== Task statement ==
Copy word for word the lines in the records below, starting at the line with "Person placing a" and ending at the line with "Magnolia blossom - white". Skip the pictures.

== Material provided ==
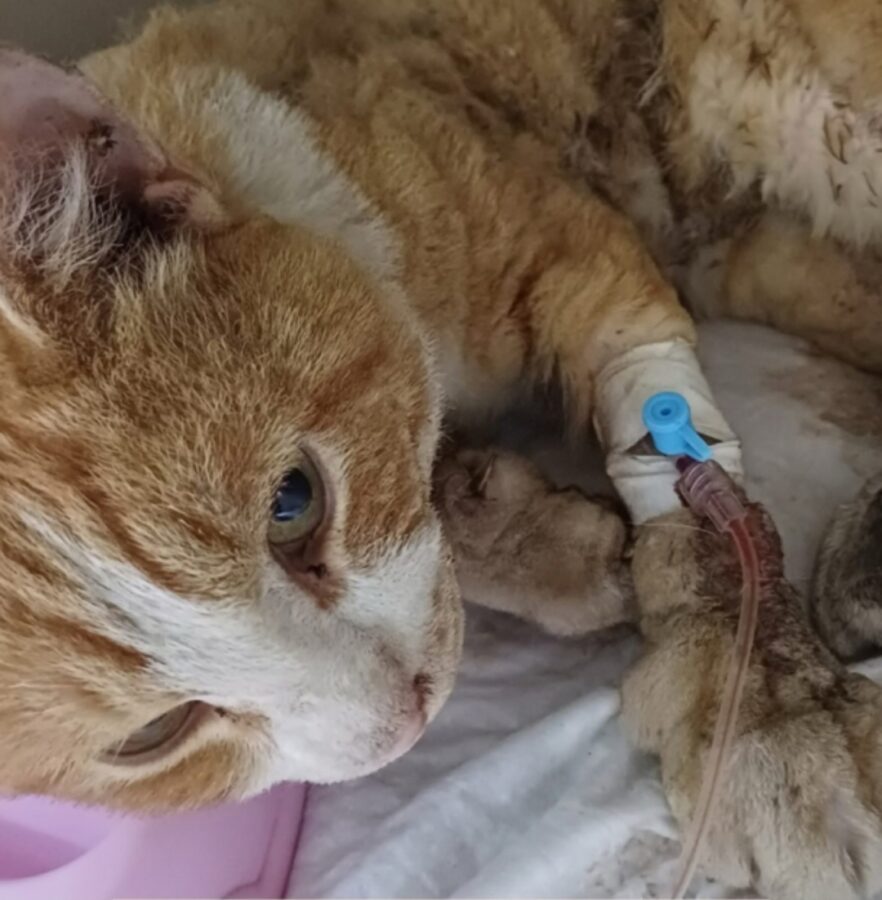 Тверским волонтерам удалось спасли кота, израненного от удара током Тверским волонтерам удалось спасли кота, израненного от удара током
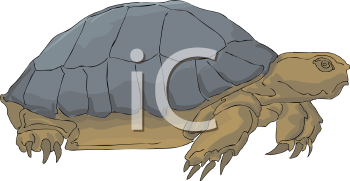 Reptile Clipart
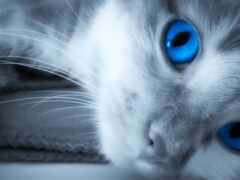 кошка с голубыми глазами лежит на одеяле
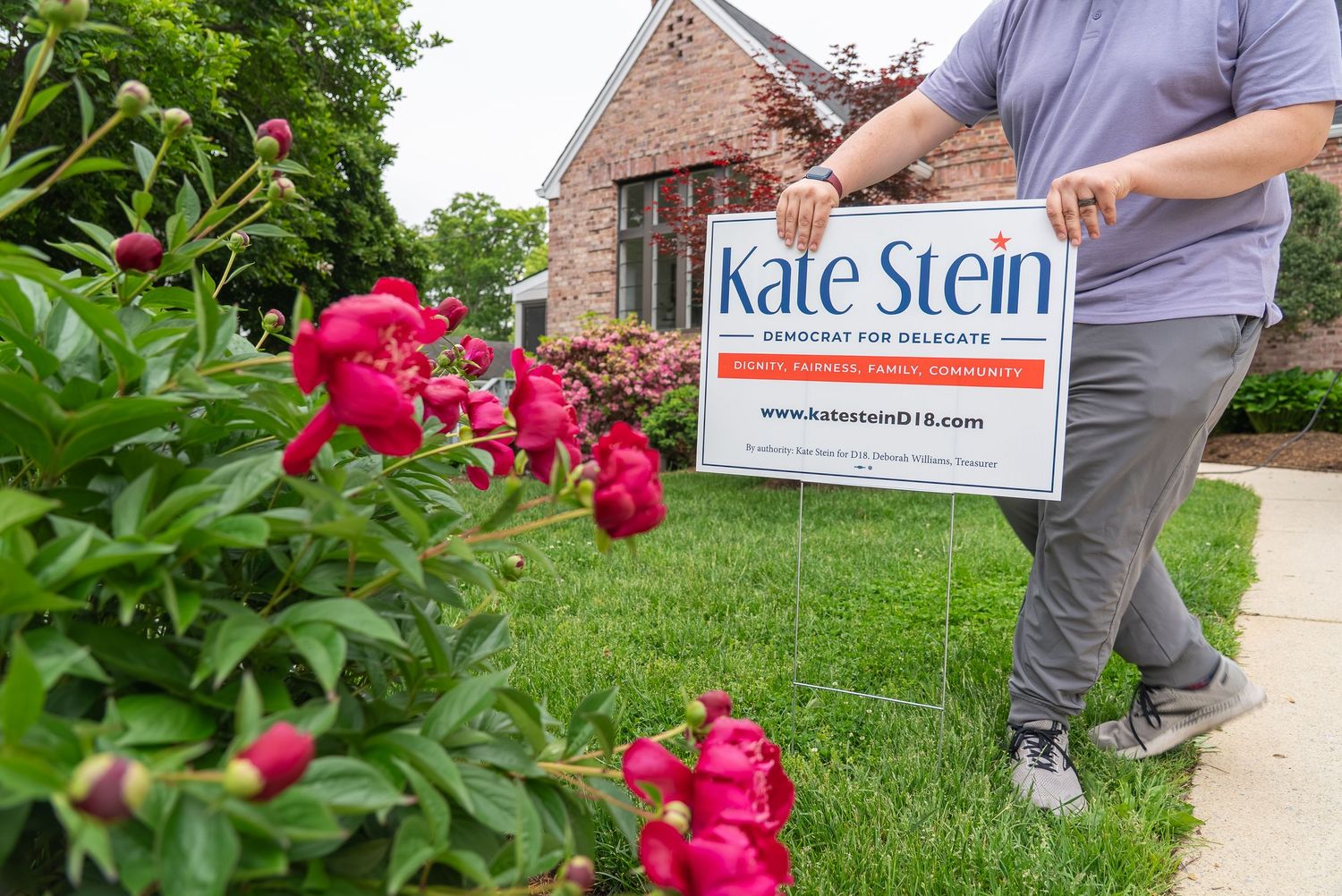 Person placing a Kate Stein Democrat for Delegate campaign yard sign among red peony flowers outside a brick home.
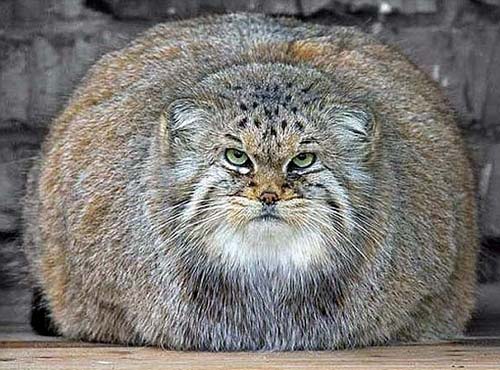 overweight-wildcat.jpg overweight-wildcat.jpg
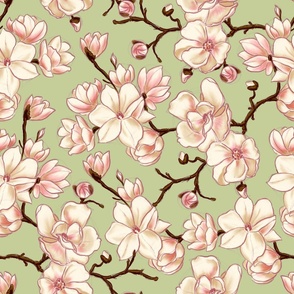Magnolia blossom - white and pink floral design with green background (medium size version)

---

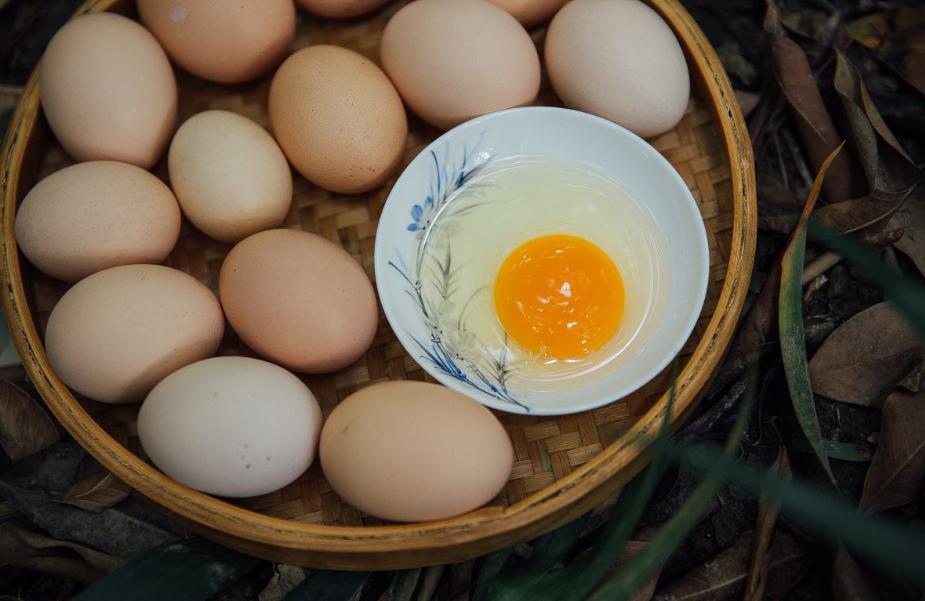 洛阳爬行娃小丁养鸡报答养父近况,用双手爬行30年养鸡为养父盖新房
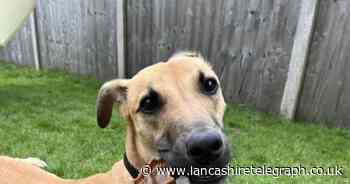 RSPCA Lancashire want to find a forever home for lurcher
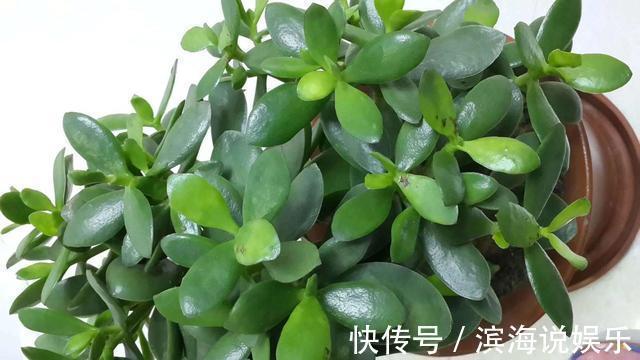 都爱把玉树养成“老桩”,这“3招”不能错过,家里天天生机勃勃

--

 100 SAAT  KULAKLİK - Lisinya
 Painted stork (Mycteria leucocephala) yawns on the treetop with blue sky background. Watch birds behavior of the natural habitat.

== Exercise output ==
 Person placing a Kate Stein Democrat for Delegate campaign yard sign among red peony flowers outside a brick home.
 overweight-wildcat.jpg overweight-wildcat.jpg
Magnolia blossom - white and pink floral design with green background (medium size version)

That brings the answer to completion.